A model’s weights/parameters can be divided into different groups, called “parameter groups” or “layer groups”. You can give each group a different learning rate, and then during training, parameters from different groups will be updated using these different learning rates.
How is it going to help us? I mean having different lr for different groups?
and beside that, doesn’t slice in python work with this parameters? slice (start, stop, step)? i can’t recognize these parameters in this line of code learn.fit_one_cycle(1, slice(5e-3/(2.6**4),5e-3), moms=(0.8,0.7))
Applying different lr for different groups is a technique called “discriminative layer training” that is introduced in part 1. This technique is commonly used in both computer vision and natural language processing. You can refer to this fastai doc for more details
I am not sure if I fully understand your second question. Did your question refer to why slice() could be passed 1 or 2 arguments only, while it in fact has 3 arguments?
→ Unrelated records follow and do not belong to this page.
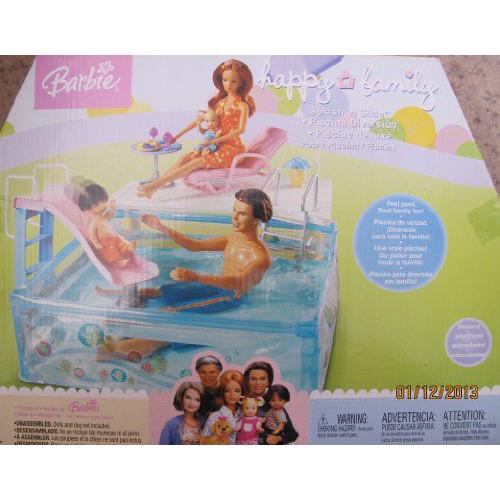 Barbie(バービー) Happy Family SPLASH 'N SLIDE POOL Playset / SLIDE， DECK & More! (2004 Mattel Can | 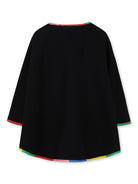 Cappotto per bambina Stella McCartney Kids nero con pompon - Rubino Kids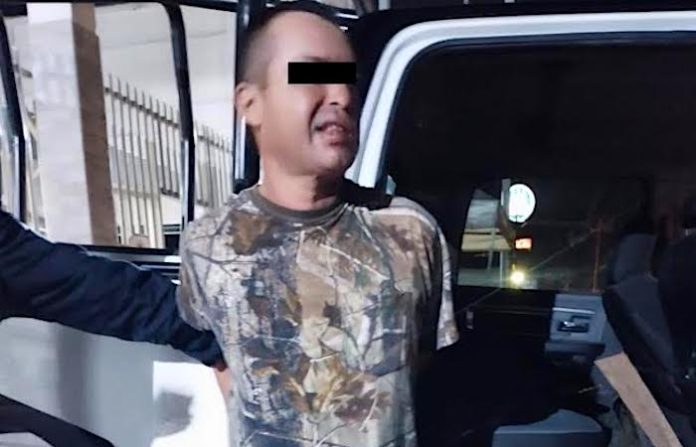 Detiene la Policía de Juárez a un sujeto por el delito de amenazas y portación de arma de fuego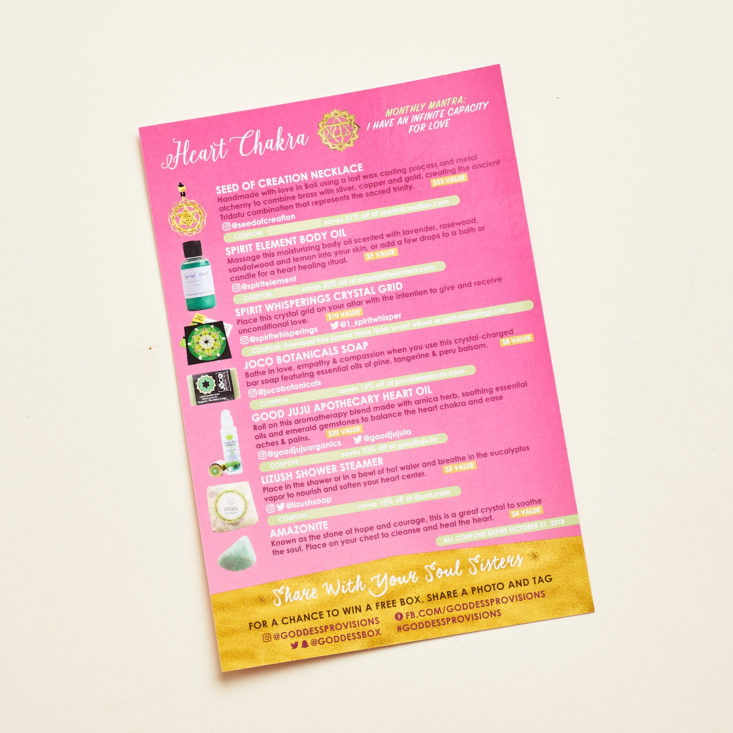 goddess provisions product list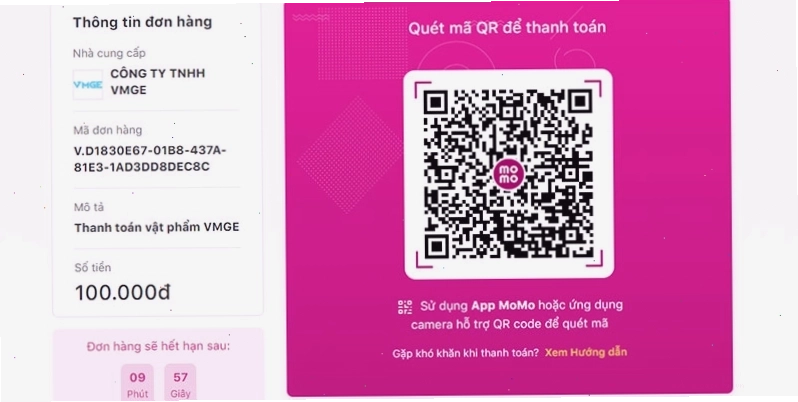 Bước 5: Đăng nhập MoMo và xác nhận thanh toán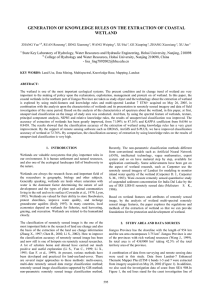 GENERATION OF KNOWLEDGE RULES ON THE EXTRACTION OF COASTAL WETLAND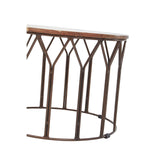 Boho Mango Wood Side Table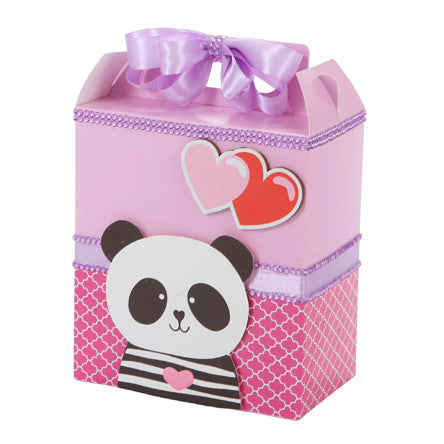 Caja Lila Con Panda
slice() can be passed 1 or 2 arguments only. Below is a snippet of experiments for your reference:
In : slice(5)
Out: slice(None, 5, None)
In : slice(1, 5)
Out: slice(1, 5, None)
Therefore, in your last line, slice(5e-3/(2.6**4),5e-3) is equivalent to slice(start = 5e-3/(2.6**4), stop = 5e-3, step = None)
In this case, slice(1e-5, 1e-4) is essentially slice(start = 1e-5, stop = 1e-4, step = None).
From the source code (fastai2), it triggers discriminative learning: 1e-5 will be the learning rate applied on the top layer, 1e-4 will be the learning rate applied on the bottom layer. The layers in between will have learning rate somewhere between 1e-5 and 1e-4 (geometrically progress).
See the definition of set_hyper for more details on how the learning rates distribute among layers: link
I am currently working on an image classification project for Melanoma classification. I am using FastAI. I have 3 different layer groups where the first two are of the densenet161 model and the last is a fully connected layer group.
In training, I first freeze the model and train it for a few epochs on a small learning rate (found by lr_find() function ). Then, I unfreeze the model and train it using the slice function. I am confused of which two learning rates to chose. Is there a way to approximate these rates using the lr_find() function?